TASK OBJECTIVE:
Copy verbatim the block of lines in the entries below whose first line contains "Luz de mesa" and whose last line contains "Laundry Hamper with". Leave out all other lines.
---------- DATA FOR ANALYSIS ----------
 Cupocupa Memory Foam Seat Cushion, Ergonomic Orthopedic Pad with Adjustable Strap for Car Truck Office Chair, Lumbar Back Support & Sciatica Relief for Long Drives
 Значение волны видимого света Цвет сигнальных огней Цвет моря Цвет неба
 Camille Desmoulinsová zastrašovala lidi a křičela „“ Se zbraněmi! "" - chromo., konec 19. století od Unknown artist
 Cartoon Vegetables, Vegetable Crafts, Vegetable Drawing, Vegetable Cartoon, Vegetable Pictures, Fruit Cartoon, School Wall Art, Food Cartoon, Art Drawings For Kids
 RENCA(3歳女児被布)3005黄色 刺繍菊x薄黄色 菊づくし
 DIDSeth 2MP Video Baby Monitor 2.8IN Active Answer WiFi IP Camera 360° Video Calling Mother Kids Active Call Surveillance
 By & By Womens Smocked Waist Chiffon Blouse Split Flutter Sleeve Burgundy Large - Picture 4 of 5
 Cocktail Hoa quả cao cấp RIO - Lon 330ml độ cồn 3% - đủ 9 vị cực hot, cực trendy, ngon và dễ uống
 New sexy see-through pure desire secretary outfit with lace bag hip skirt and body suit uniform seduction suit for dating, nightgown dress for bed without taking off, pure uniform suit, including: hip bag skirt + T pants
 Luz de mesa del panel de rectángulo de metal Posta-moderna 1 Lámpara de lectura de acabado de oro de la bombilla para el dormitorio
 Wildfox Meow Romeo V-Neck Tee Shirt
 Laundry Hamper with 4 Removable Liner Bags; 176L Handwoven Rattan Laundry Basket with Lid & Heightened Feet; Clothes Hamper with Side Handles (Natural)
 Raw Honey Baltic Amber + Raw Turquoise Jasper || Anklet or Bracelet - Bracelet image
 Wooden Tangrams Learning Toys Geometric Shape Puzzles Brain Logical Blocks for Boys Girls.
----------
TASK ANSWER:
 Luz de mesa del panel de rectángulo de metal Posta-moderna 1 Lámpara de lectura de acabado de oro de la bombilla para el dormitorio
 Wildfox Meow Romeo V-Neck Tee Shirt
 Laundry Hamper with 4 Removable Liner Bags; 176L Handwoven Rattan Laundry Basket with Lid & Heightened Feet; Clothes Hamper with Side Handles (Natural)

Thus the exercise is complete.